As can be seen clearly in FIGS. 1 and 1A, the fascia 36 is of generally conventional construction and appearance and includes a short slot 46, a long slot 48 and a flatted circular slot 50, for receipt of the hot blade 24, the neutral blade 26, and the ground prong 28, respectively, of the plug 22. However, what sets the fascia 36 apart from a conventional receptacle fascia is a central hole 52. The hole 52 serves as a passageway through which a portion of the lockout means 42 extends, as will be described in detail later.
Turning now to FIGS. 2 and 3, it can be seen that each of the power terminals 38 and 40 is mounted within the housing 34 and behind the slots 46 and 48, respectively. The terminals 38 and 40 are each of conventional construction. To that end, each includes a pair of resilient fingers or contacts 54 and 58 mounted on an upstanding arm 62. Each finger terminates in a curved free end. The fingers are spaced slightly from each other to define a flared mouth 58 therebetween. The base 64 of the upstanding arm of each terminal is fixedly secured, in a conventional manner, to a respective side wall 66 of the housing. Each terminal is formed of an electrically conductive metal. A screw 68 extends through an opening in the side wall 66 of the housing 34 and a threaded opening 70 in the base 64 of each terminal and serves as the means for connecting the associated electrical power conductors, which provide the electricity to the circuit to which the receptacle is connected, and to the associated power terminal. For the sake of drawing simplicity the power conductors are not shown.

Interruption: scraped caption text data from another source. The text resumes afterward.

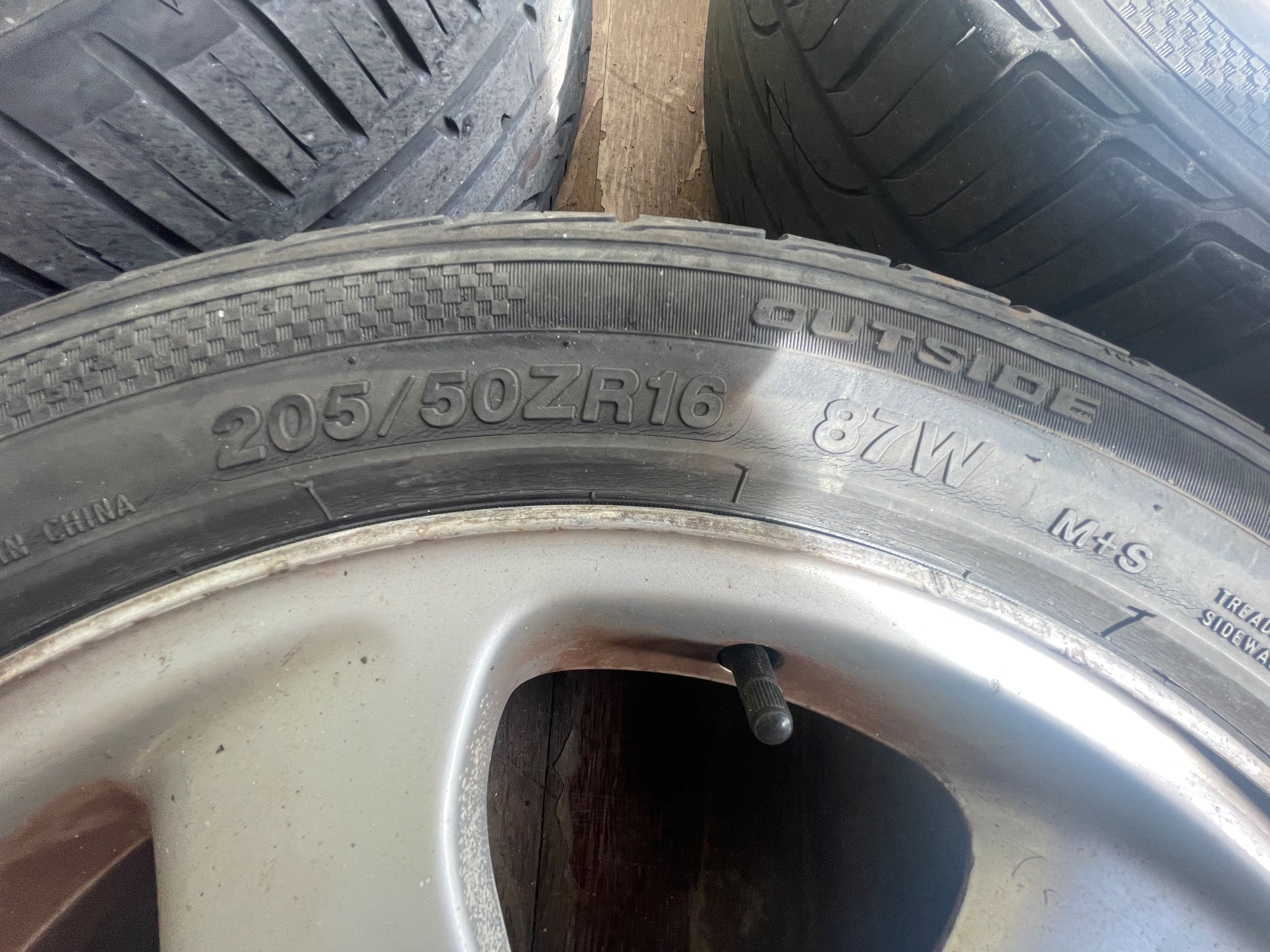 4 jantes 16 da VOLVO com 4 pneus em óptimo estado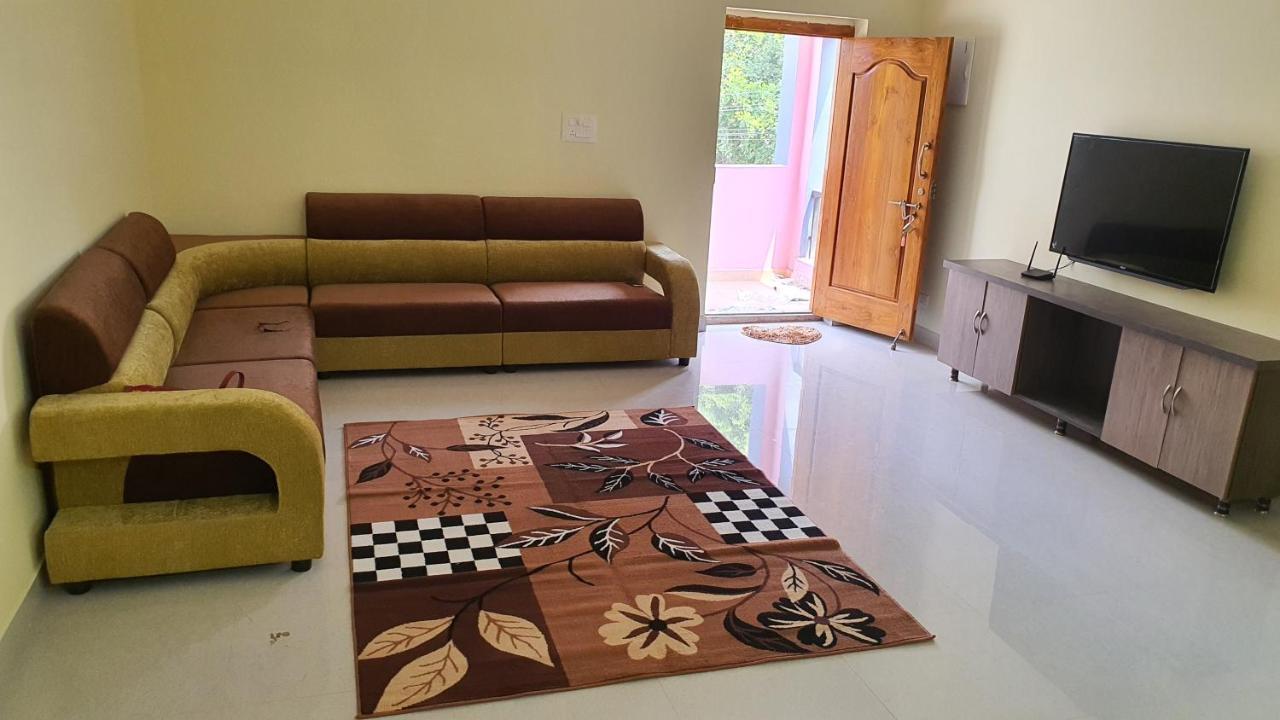 Tirupati Homestay - 2Bhk Ac Family Apartments Near Alipiri And Kapilatheertham - Walk To A2B Veg Restaurant - Wifi - Android Tv - Easy Access To Tirumala Exteriör bild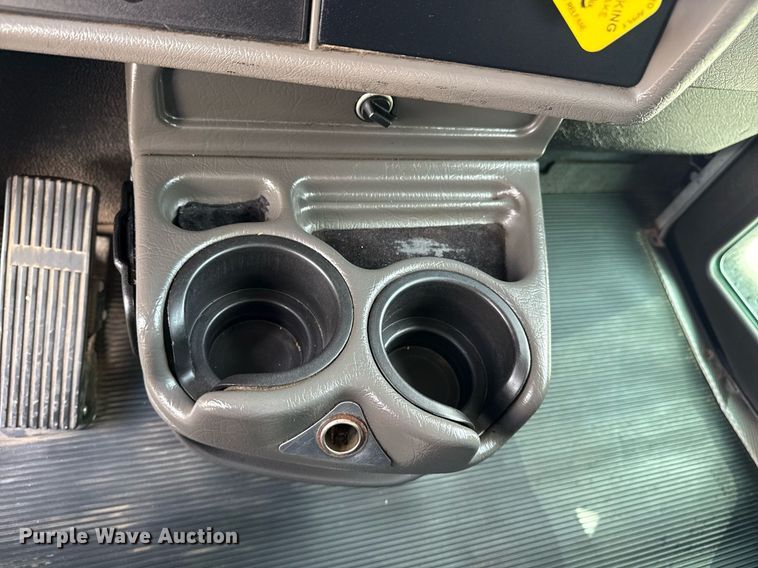 image for item EG5898 2016 Kenworth T270 box truck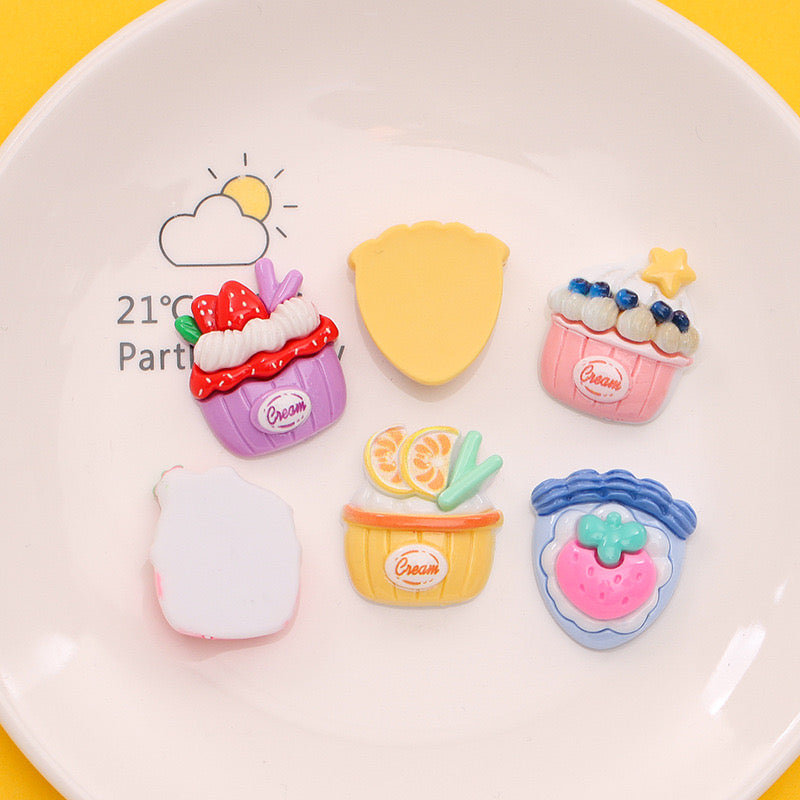 Cartoon Cupcake Charms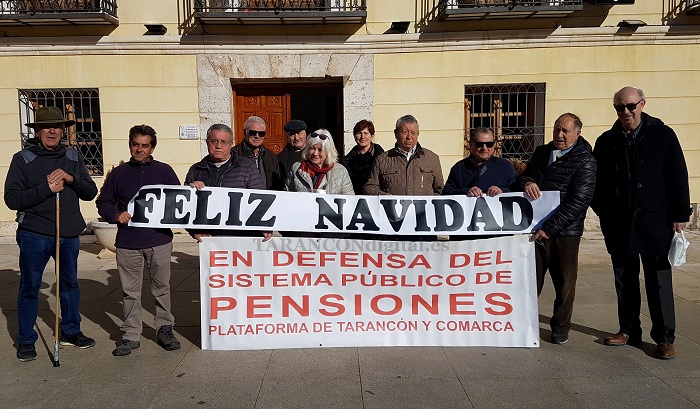Vigésimo «Viernes al Sol» esta mañana a las puertas del Ayuntamiento de Tarancón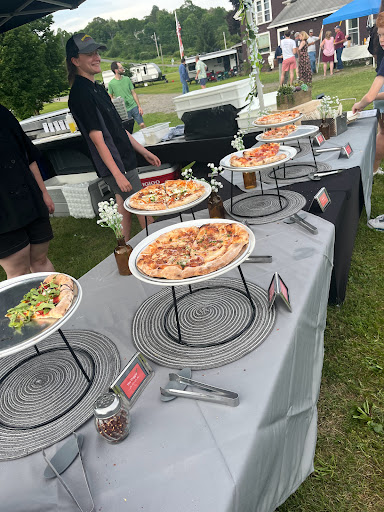 Mella's Wood-Fired Pizza - Thumbnail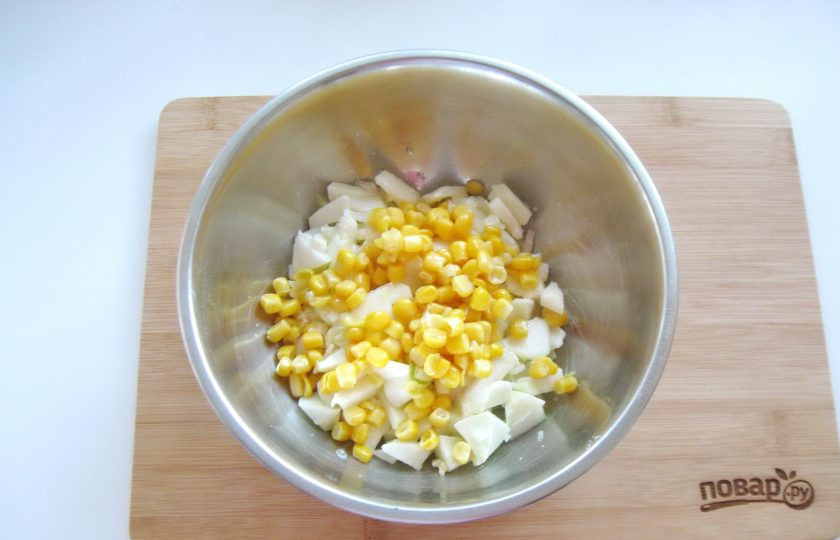 1. Этап. Салат Мошенница: И консервированную кукурузу.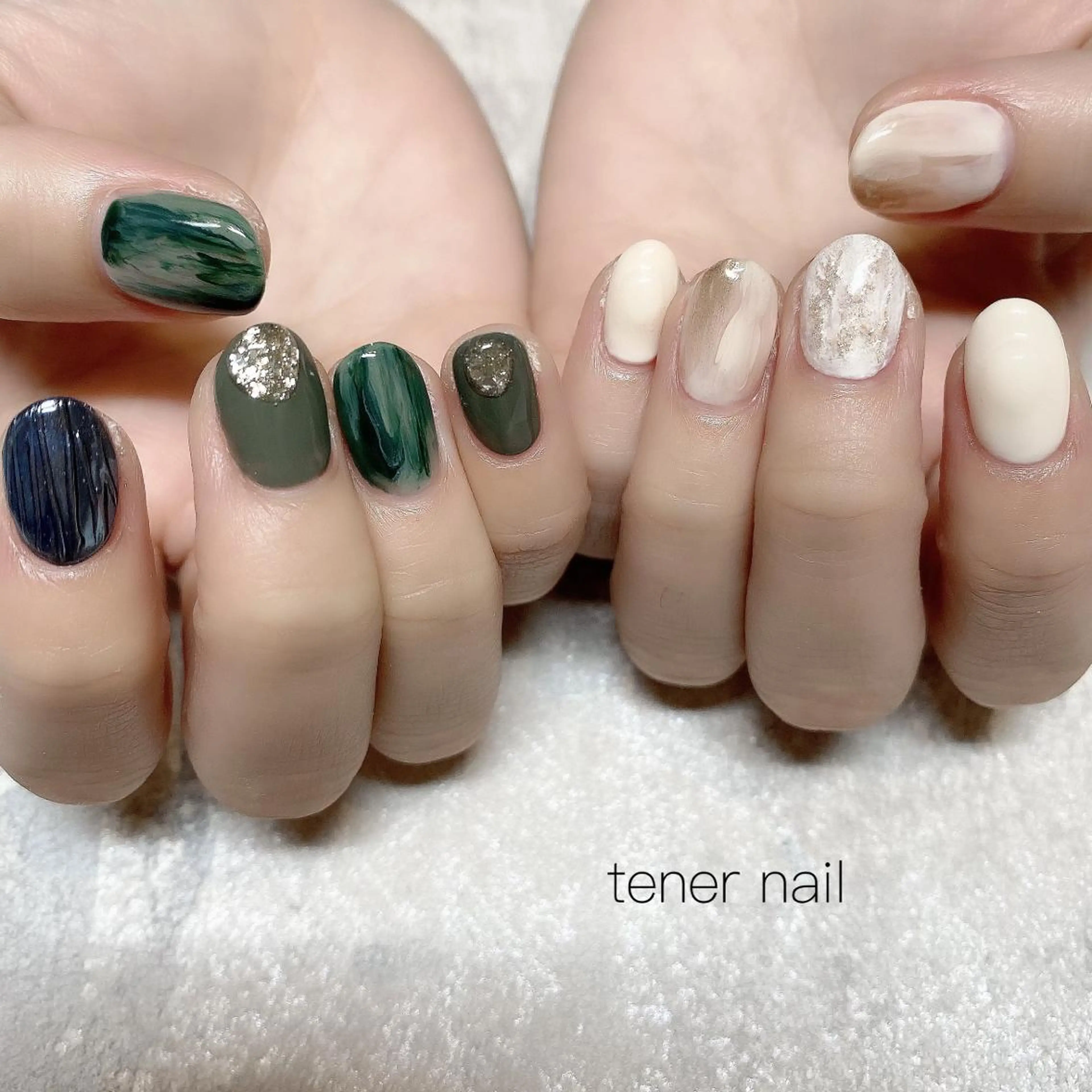 ネイル グリーン ホワイト tener  nail  テネルネイル所属・テネルネイル tener nailのネイルデザイン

The lockout means 42 will be described in detail later. Suffice for now to say that such a means is arranged to be moved into either of two rotational positions. One position is referred to as the lockout or closed position and the other position is referred to as the open position. In the closed position the lockout means blocks or occludes the slots 46, 48 and 50 in the fascia 36, while in the open position, the slots are not blocked.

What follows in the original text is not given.